久留米市と鳥取市、移住するならどっち?
東京から岡山へIターンし、3人の子を育てながらNISAで資産形成を続ける私にとって、移住は人生の大きな転機だった。地方都市への移住は、単なる住む場所の変更ではない。それは、生活コスト、仕事、そして未来の資産形成に直結する重要な選択だ。今回は、久留米市と鳥取市という二つの地方都市を、データに基づいて冷静に比較し、移住を検討する方々の一助としたい。
お金の面で比べると
資産形成を考える上で、最も重要なのは「投資余力」である。これは毎月どれだけの金額を投資に回せるかを示す指標だ。久留米市の投資余力は8.2万円/月、対して鳥取市の投資余力は9.3万円/月。このデータからは、鳥取市の方が久留米市よりも毎月1.1万円多く投資に回せるという明確な差が見える。年間で13.2万円、10年で132万円もの差が生まれる計算だ。私がNISAを始めたのは移住後だが、この「余力」がなければ資産形成は始まらない。
次に家賃を見てみよう。1LDKの家賃は、久留米市が5万円、鳥取市が4.5万円である。鳥取市の方が月0.5万円安い。これは、毎月の固定費として非常に大きな差となる。家賃の安さは、直接的に生活コストを押し下げ、結果として投資余力を増やす要因となる。家賃の差と投資余力の差は連動しており、鳥取市が生活コストを抑えやすい環境にあることを示している。資産形成を最優先に考えるなら、鳥取市は魅力的な選択肢となるだろう。
仕事・暮らしやすさで比べると
移住先の仕事環境は、生活の安定に直結する。求人倍率は、仕事の見つけやすさを示す重要な指標だ。久留米市の求人倍率は1.55倍、鳥取市の求人倍率は1.52倍である。両市ともに1.5倍を超えており、全国平均と比べても決して低い水準ではない。この数値は、どちらの都市でも一定の仕事の機会が存在することを示している。久留米市の方がわずかに高いが、大きな差ではない。
暮らしやすさという点では、両市には異なる特徴がある。久留米市は福岡県の南部に位置し、九州新幹線が停車する交通の要衝だ。福岡市へのアクセスも良く、都市機能の充実度が高い。医療機関や商業施設も多く、利便性を重視する人にとっては暮らしやすい環境だ。
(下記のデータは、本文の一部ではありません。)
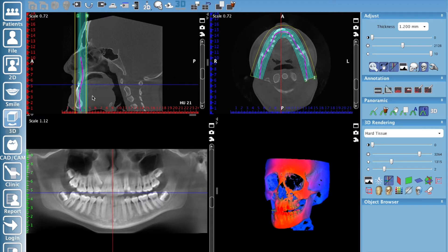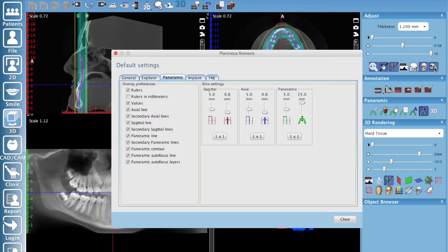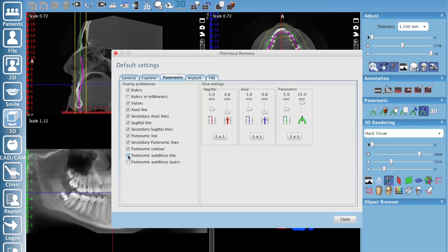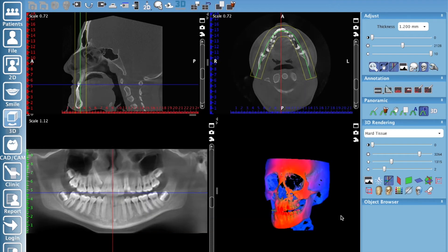You'll see these lines with your layers and layer lines. You can turn those off if they're impeding your vision — that's under the wrench icon, which is your default views. Click on that, make sure you're on the panoramic tab, and you'll see auto focus, layers, and line. If you hit layers it turns them off so you can see a little better. Click the autofocus line and that's gone as well. That's how I set up my default settings in Romexis for the panoramic sub-module.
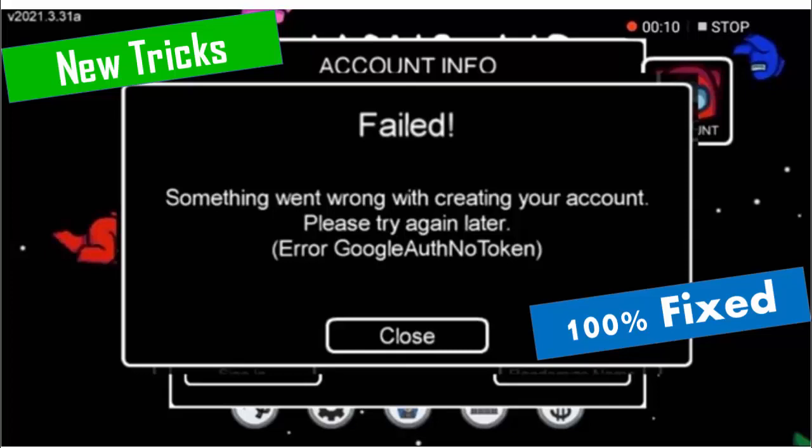Hey guys, welcome back. Today in this video, I will show you how to fix your Among Us error something went wrong with creating your account on your Android phone.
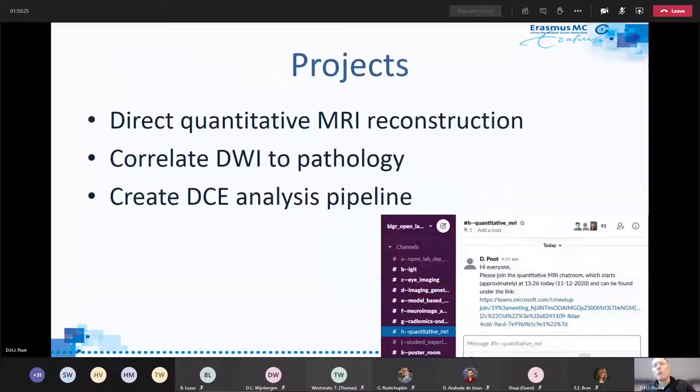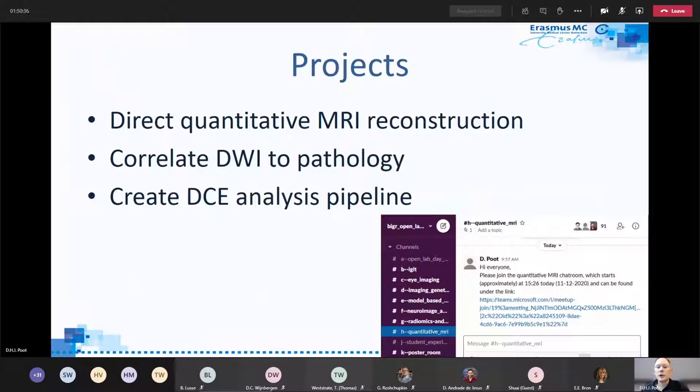Summarizing, in the quantitative MR reconstruction group, we currently have three projects: direct quantitative MRI reconstruction, correlating diffusion-weighted images to pathology, and creating a DCE analysis pipeline. If you're interested, please join channel H on the quantitative MRI chat, which has a Teams link for the chat session. Thank you for your attention.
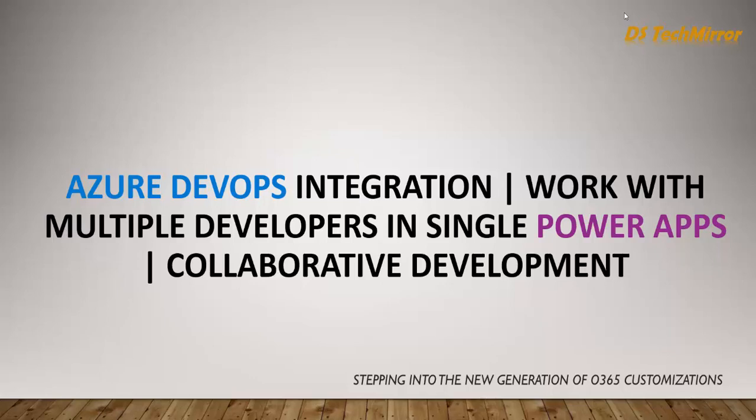Hello friends, welcome back to our YouTube channel DH Tech Mirror. In today's video, we will see how we can enable collaborative development in Power Apps or how we can enable multiple developers to work on a single Power Apps at the same time.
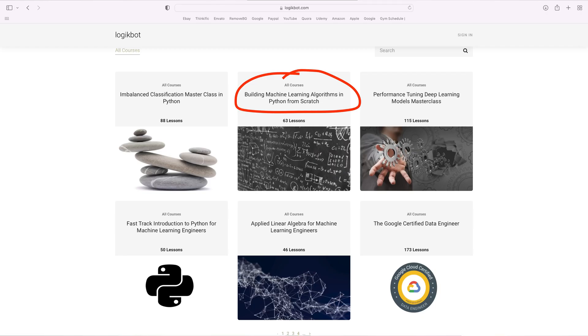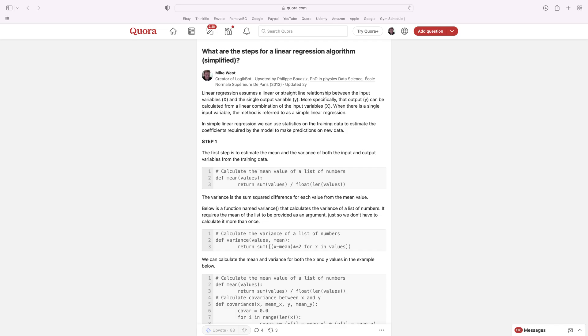If we use that definition, there's nothing unknown or mysterious about machine learning models. I've created an entire course on authoring machine learning models from scratch. You can see the code for all the top models in that course — there's absolutely nothing hidden. I'll put a link below on Quora to a post where I go over a regression model from scratch.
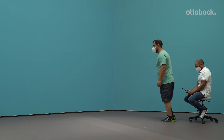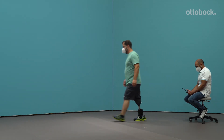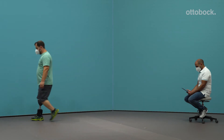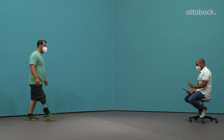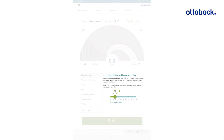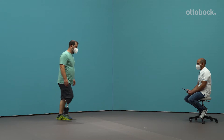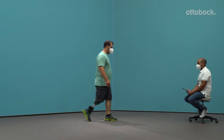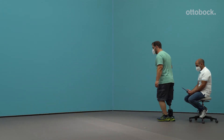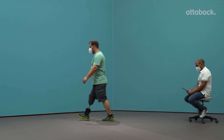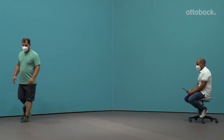The user reports the power output is inconsistent when walking slowly. Reduce the slow power timing setting from 21 to 18. If needed, further reduce the slow power timing setting by increments of 1 until the slow walking power output is consistent. This setting influences the timing of the powered push-off while walking slowly.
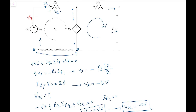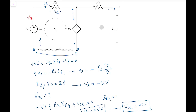Some students struggle when they see a negative result here. You do not need to change the plus/minus polarity markings. VOC equals minus 5 volts simply means the potential at the negative terminal you defined is actually higher than at the positive terminal — that's fine. Just keep it as minus 5 volts. So we have found VOC.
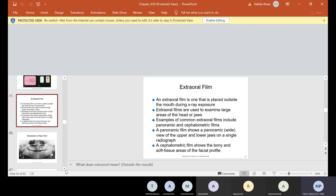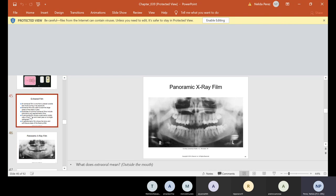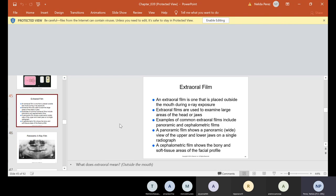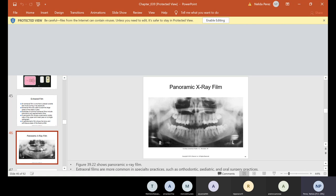A panoramic film shows a panoramic or wide view of the upper and lower jaws on a single radiograph — think about panoramic views on your cell phone, seeing the wide view of what you're looking at. A cephalometric film shows the bony and soft tissue areas of the facial profile. Here is a panoramic x-ray film. My arrow up here is pointing to sinuses; this is the nose; here are the wisdom teeth, some of which are not fully erupted. Sometimes we'll see wisdom teeth impacted.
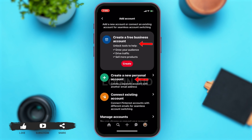Here you're given three options: you may create a free business account, create a new personal account, or connect to an existing account. If you do have an existing account, then you may just tap on the 'Connect Existing Account' option to add your other account.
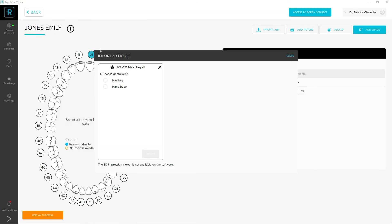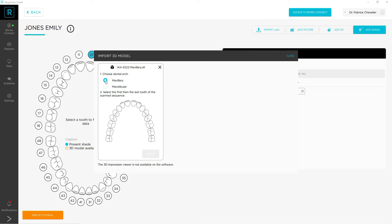You will then be asked to select the arch you wish to upload. Check the corresponding box. Its drawing will appear next, then select the scanned sequence and click on the Import button.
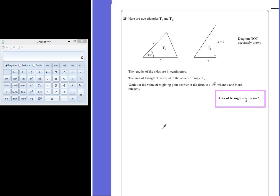We can remember that the area of a triangle is given by half times the base times the height, which helps us with triangle T2. For T1, we don't know what the height is, but you are given a formula in the front of your exam books which tells us that the area of a triangle is equal to a half times a times b times the sine of C. This is used when we have a triangle that's not right-angled but we know an angle and the two sides either side of it. So we're going to find and write down expressions for the areas of each triangle, and then by making them equal to each other, we should be able to solve and find out what x is.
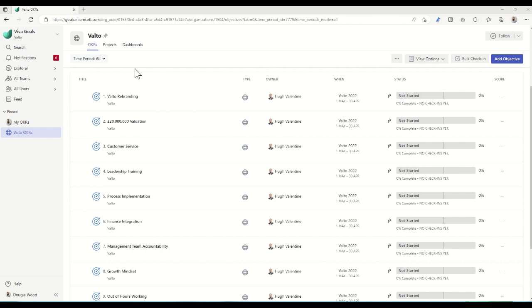The OKRs are set at a company level, but they can also be set at department level, then team level, and then actual employee level. So the task from a company level might be, for example, to double the revenue. And then within a department like marketing, it might be: well, we need to grow our leads by double. So how do we actually achieve that?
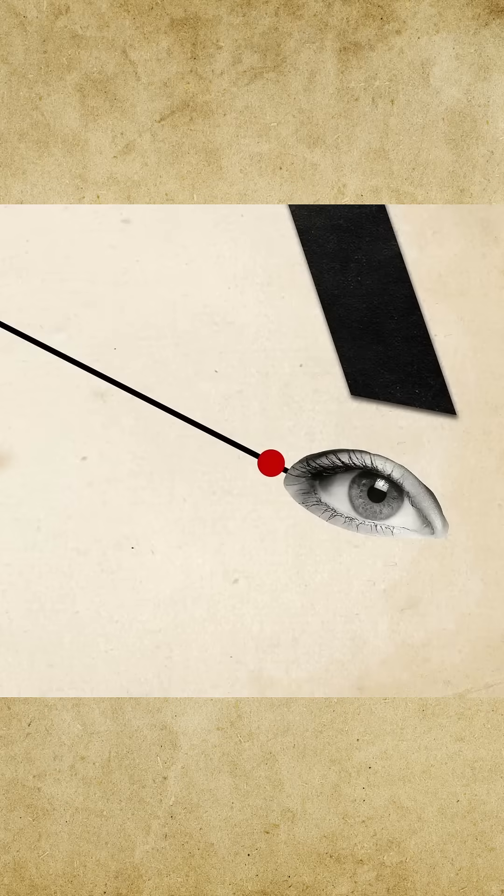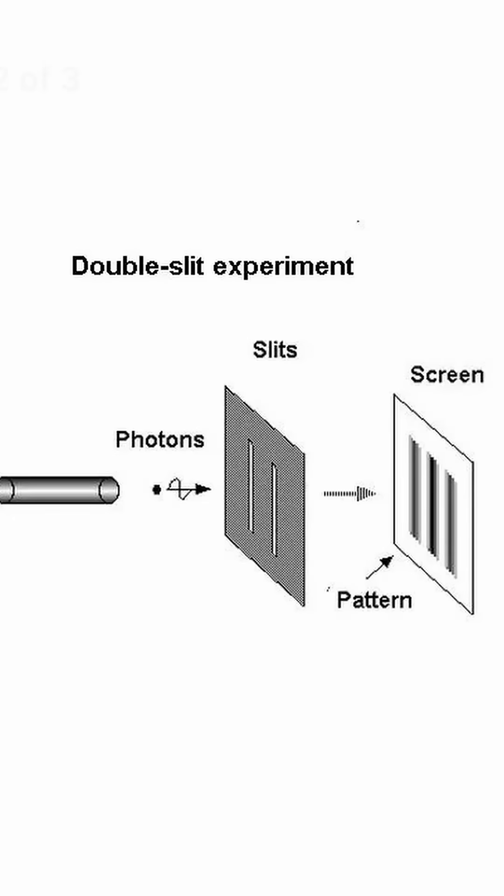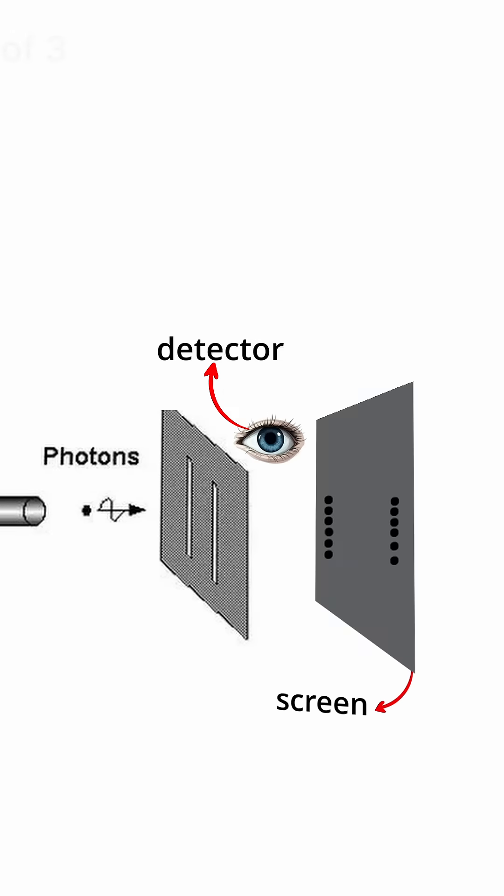They tried the experiment, but once more, the interference pattern did not show up. Scientists still cannot explain why the interference pattern appears without a detector, but disappears when a detector is used.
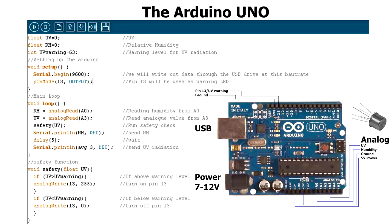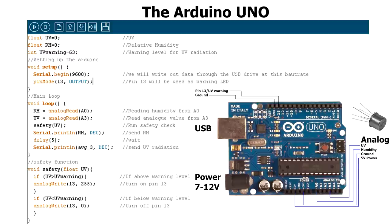First of all, I declare some variables for ultraviolet radiation and relative humidity. Then we have a warning level for the ultraviolet radiation. After this comes the setup loop that is only run once, which basically tells us that we want to use the serial port and use pin 13. After this comes the main loop.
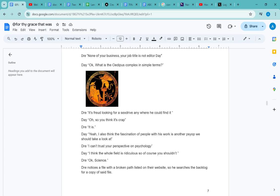Day says: 'Oh, so you think it's crap?' Dre: 'It is, yeah. I also think the fascination of people with his work is another sign we should take a look at.'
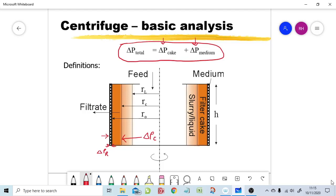We are adding pressures together as in conventional filtration. However, something much more important for modelling is the radii. The outer radius of the centrifuge does not change — it is where the filter medium is. The inner radius of the liquid layer does not normally change either, being set by a weir. But what changes very significantly is the cake radius RC.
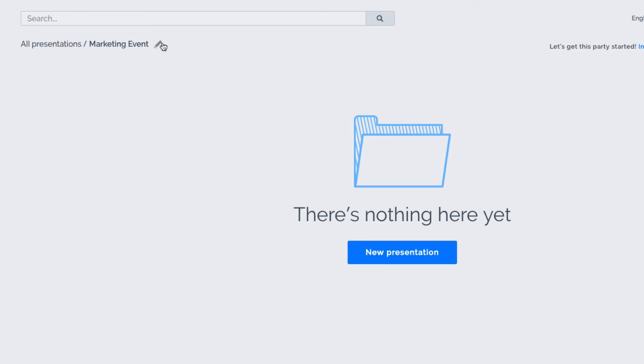If you want, you can start a new presentation in that folder by clicking New Presentation here.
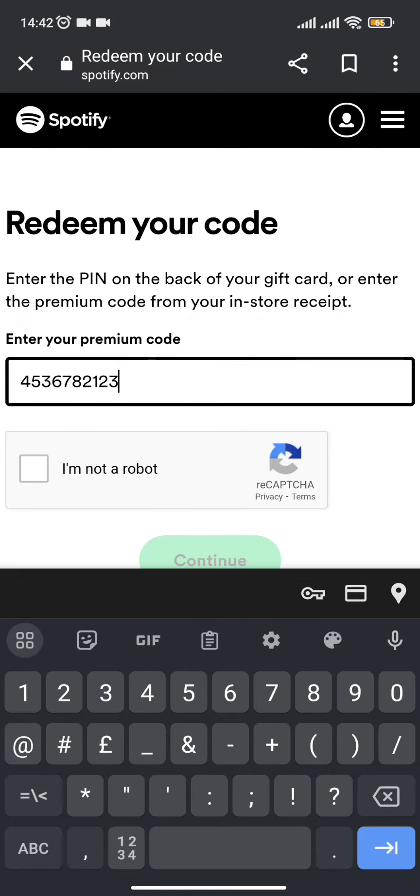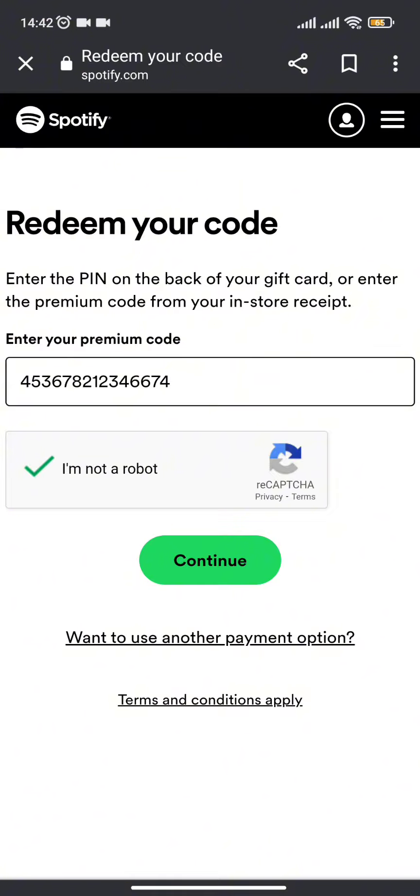Once you are done typing in the code, all you need to do is click on the 'I'm not a robot' option and press Continue. Once you are done with this, you are all set with your redeemed code.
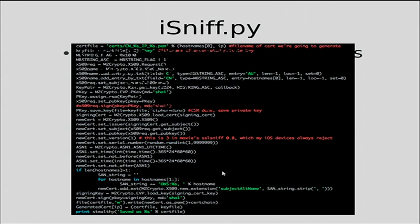I decided to do it myself in Python, using the M2 crypto module to generate a new certificate on the fly.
子育て世代にとっては、教育機関や習い事の選択肢が多いことは魅力だろう。一方、鳥取市は鳥取県の県庁所在地であり、日本海に面した自然豊かな環境が特徴だ。都会的な喧騒から離れ、ゆったりとした生活を望む人には適している。自然体験の機会が多く、子どもを伸び伸びと育てたいと考える家庭には良い選択肢となる。ただし、冬季の気候特性や、都市機能の充実度では久留米市に一歩譲る部分がある。私が岡山で感じたように、地方都市での暮らしは通勤ストレスの軽減や自然へのアクセスといったメリットが大きいが、その中でも各都市の特性を見極める必要がある。
田村の結論
資産形成を最優先し、生活コストを徹底的に抑えたいと考えるなら、鳥取市が向いている。ある程度の都市機能と利便性を求めつつ、仕事の選択肢も重視するならば、久留米市が良い選択だ。